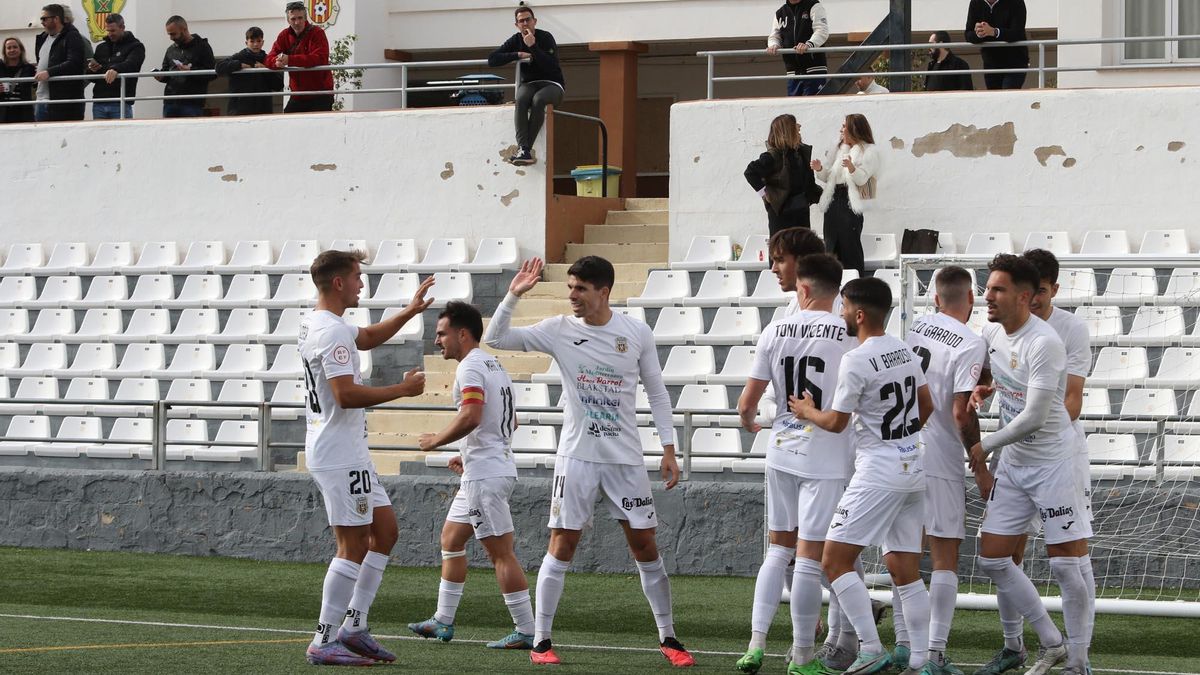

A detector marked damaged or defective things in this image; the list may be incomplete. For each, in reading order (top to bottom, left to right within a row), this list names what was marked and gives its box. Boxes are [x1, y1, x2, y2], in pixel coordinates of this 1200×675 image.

peeling paint [916, 122, 1016, 158]
peeling paint [1032, 145, 1064, 166]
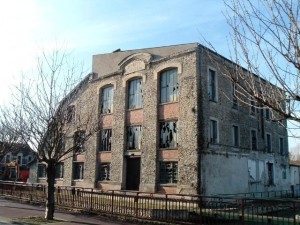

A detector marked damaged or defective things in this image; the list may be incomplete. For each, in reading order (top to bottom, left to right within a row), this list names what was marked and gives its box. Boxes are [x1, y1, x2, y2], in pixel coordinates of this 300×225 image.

broken window [127, 78, 143, 109]
broken window [159, 69, 178, 103]
broken window [159, 120, 178, 149]
broken window [159, 162, 178, 185]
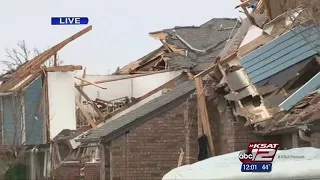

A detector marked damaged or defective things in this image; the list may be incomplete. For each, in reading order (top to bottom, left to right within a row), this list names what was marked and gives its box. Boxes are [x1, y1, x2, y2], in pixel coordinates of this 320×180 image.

broken wooden beam [75, 99, 97, 129]
damaged brick wall [110, 97, 199, 180]
broken wooden beam [192, 76, 215, 157]
splintered wood [195, 76, 215, 157]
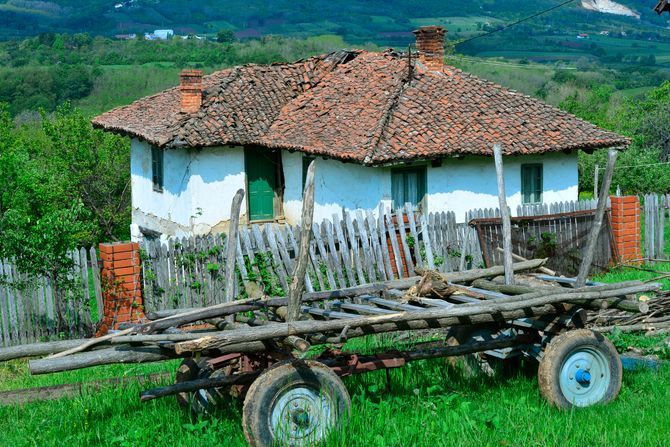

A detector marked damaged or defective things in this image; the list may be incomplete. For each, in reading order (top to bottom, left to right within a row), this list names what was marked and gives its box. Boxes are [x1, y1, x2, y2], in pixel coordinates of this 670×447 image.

damaged roof section [93, 49, 632, 164]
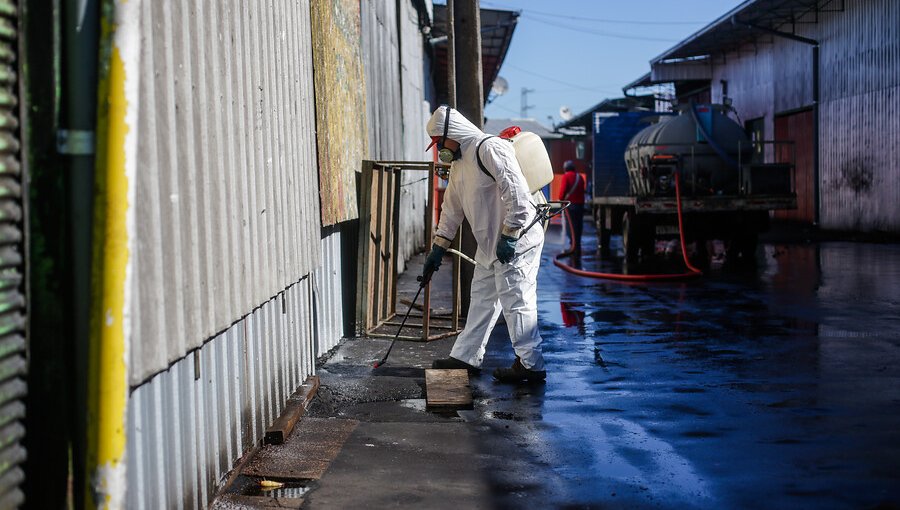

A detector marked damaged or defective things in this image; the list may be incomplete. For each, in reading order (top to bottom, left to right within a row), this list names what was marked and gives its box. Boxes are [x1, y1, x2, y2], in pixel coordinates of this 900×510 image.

rusty metal surface [246, 416, 362, 480]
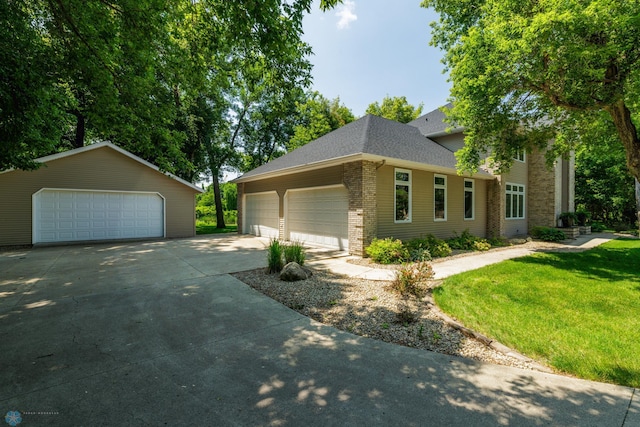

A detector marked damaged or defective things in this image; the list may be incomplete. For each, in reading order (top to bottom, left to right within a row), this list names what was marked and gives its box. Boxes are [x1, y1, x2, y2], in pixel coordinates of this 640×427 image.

detached single-car garage [0, 142, 202, 247]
---*---
WHAT TO WORK ON
Go to the line holding "this 640×427 image." in the entries above and return it, along with every line after it, exactly as written.

ANSWER FOR THE TASK
A detector marked damaged or defective things in this image; the list may be incomplete. For each, in reading order (top to bottom, left to right within a row), this list names what was marked and gives its box. Boxes are [x1, y1, x2, y2], in pixel coordinates of this 640×427 image.

detached single-car garage [0, 142, 202, 247]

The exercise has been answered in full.